Farrow faces off with Cambodia police

A policeman tries to stop US actress Mia Farrow and Khmer survivor Theary Seng, who is an author and executive director of the Centre for Social Development, from making their way to lay flowers at Tuol Sleng genocide museum in Phnom Penh on Sunday.Photo: Reuters


January 21, 2008

Cambodian police blocked American actress Mia Farrow from holding a genocide memorial ceremony at a Khmer Rouge prison on Sunday, at one point forcefully pushing her group away from a barricade.

The Cambodian Government had barred the ceremony several days ago and today police sealed off all roads leading to the Khmer Rouge's infamous Tuol Sleng prison, which is now a genocide museum in the capital, Phnom Penh.

The actress and her group arrived at one of the barricades and refused to go away. Police started pushing the group, which eventually returned to a waiting car and drove off, according to an Associated Press reporter at the scene. Nobody appeared to have been hurt.

Farrow, who is working with the US-based advocacy group Dream for Darfur, was in Cambodia as part of a seven-nation tour of countries that have suffered genocide to call attention to the humanitarian crisis in Sudan.

An estimated 1.7 million Cambodians died during the Khmer Rouge's genocidal reign from 1975-1979.

Thousands of Khmer Rouge prisoners were tortured at the Tuol Sleng prison before being executed outside the capital at the site known as "the killing fields".

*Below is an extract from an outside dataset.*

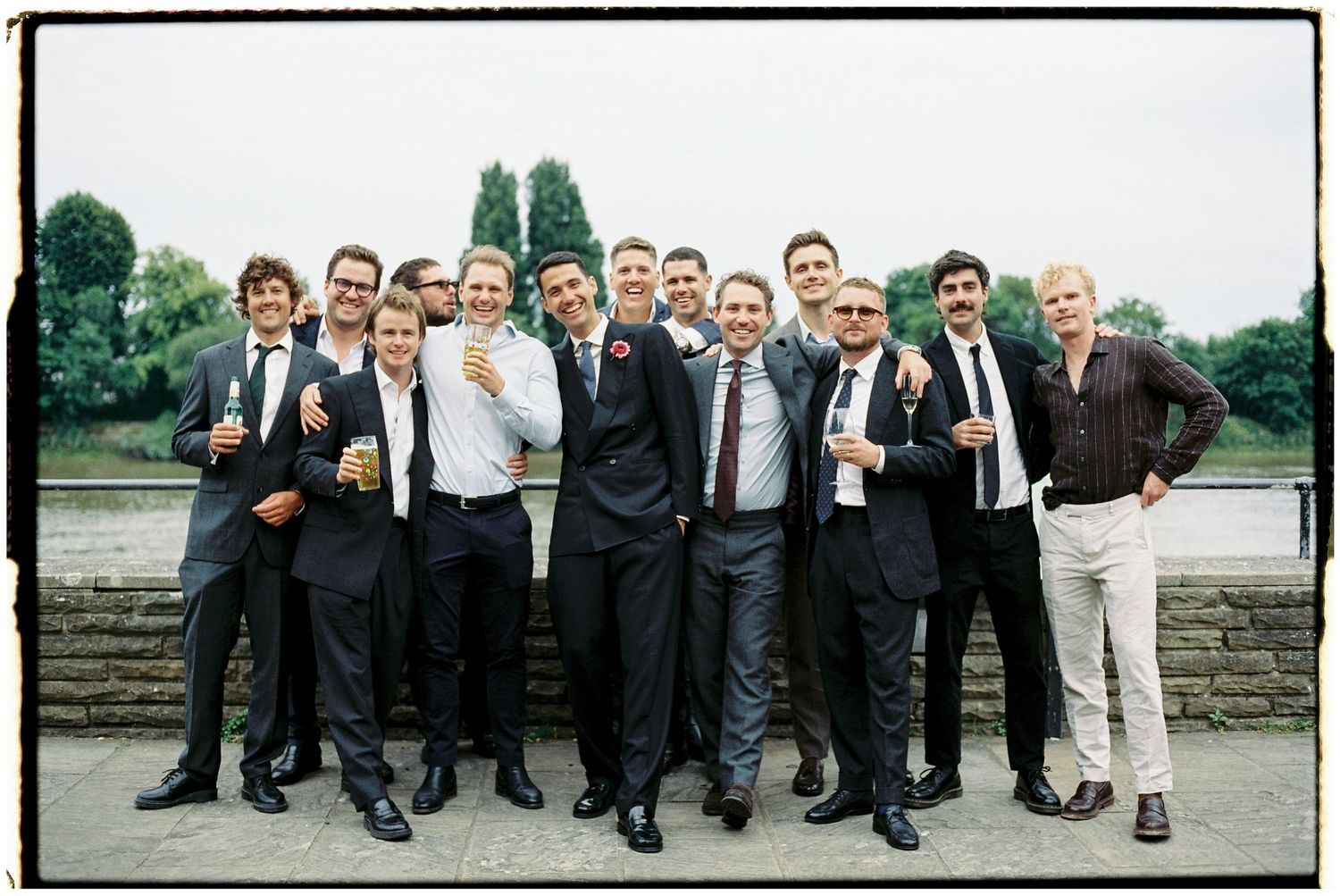 Large group of groomsmen in black suits posing together on stone steps.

Farrow had planned to light an Olympic-style torch outside the former prison to send a message to China - the next Olympic host and one of Sudan's major trading partners - to press the Sudanese Government to end abuses in Darfur.

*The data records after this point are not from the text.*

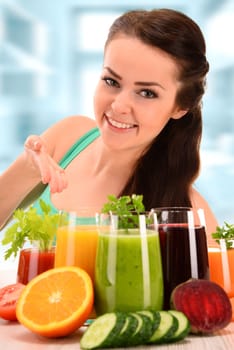 Young woman with variety of vegetable and fruit juices. Detox diet.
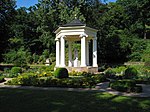 Heutige Ansicht des im Jahre 1803 errichteten Musentempels mit einer Polyhymnia-Skulptur im Zentrum sowie aufwendiger Schmuckbepflanzung rund um die Parkarchitektur herum.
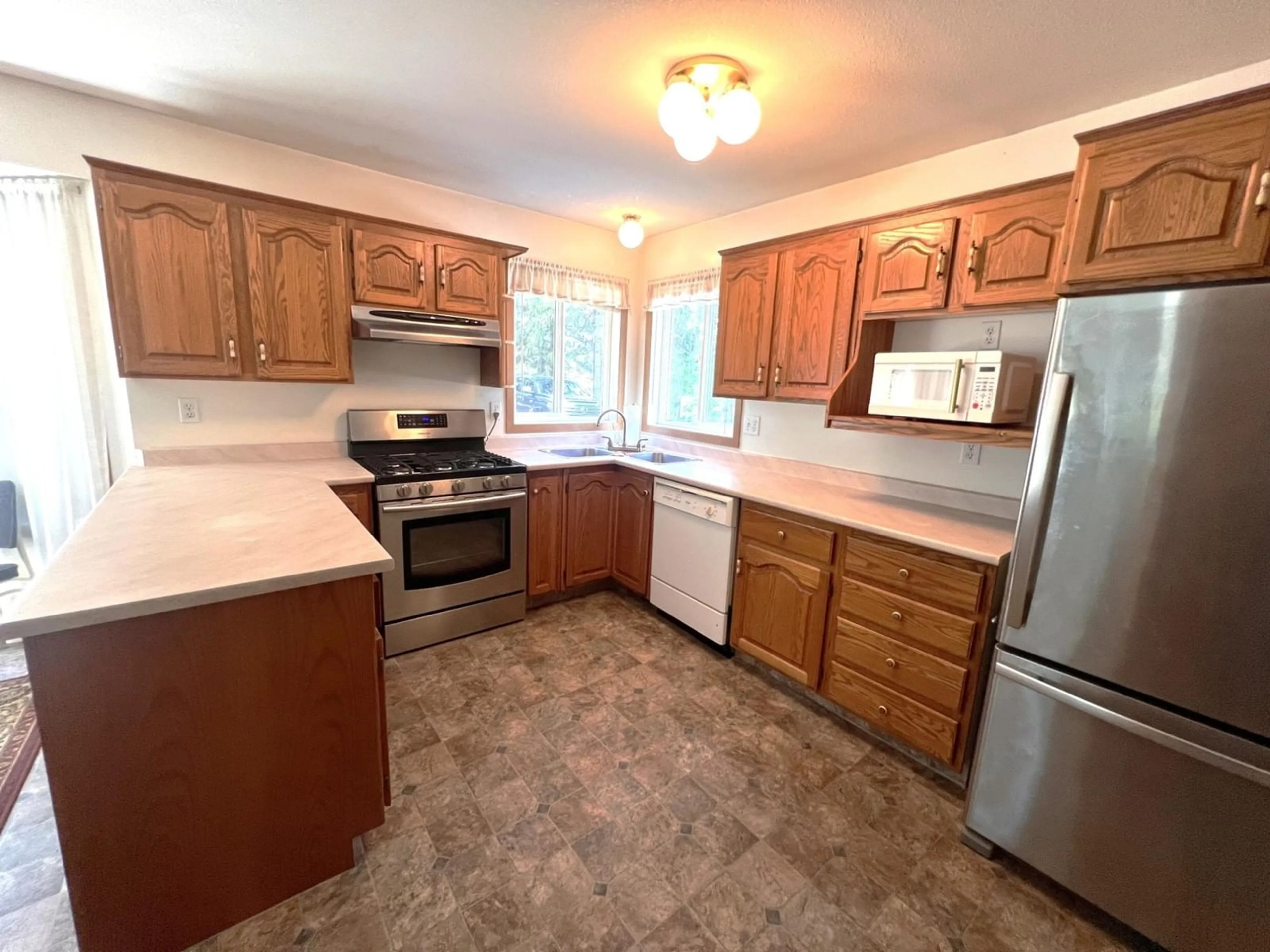 Standard kitchen, wood floors, cottage for 972 DOGWOOD Drive, South Slocan British Columbia V0G2G0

The Cambodian Government, which has strong economic and political ties with China, said days ago it would prevent the 62-year-old actress from going through with the ceremony. The Government accused Farrow of having "a political agenda against China" and staging the event for political rather than humanitarian reasons.

Farrow denied that her intentions were political in an interview on Saturday, and said she was determined to press ahead with the ceremony.

"It's pretty harsh to be against a ceremony that honours the victims of Darfur and genocide survivors everywhere," Farrow said.

Dream for Darfur has taken its torch-lighting campaign to other places that have suffered mass killings - the Darfur-Chad border, Rwanda, Armenia, Germany and Bosnia-Herzegovina - to honour genocide victims and call attention to the violence in Darfur. The group plans to head to China following its Cambodia visit.

Dream for Darfur claims China has sold weapons to the Sudanese Government and has defended Khartoum's actions in Darfur at the UN Security Council, while Chinese oil operations in Sudan have helped fund genocide there.

China, the biggest backer of the Khmer Rouge's communist regime in the 1970s, is a major donor to Cambodia and has been described by Prime Minister Hun Sen as Cambodia's "most trustworthy friend".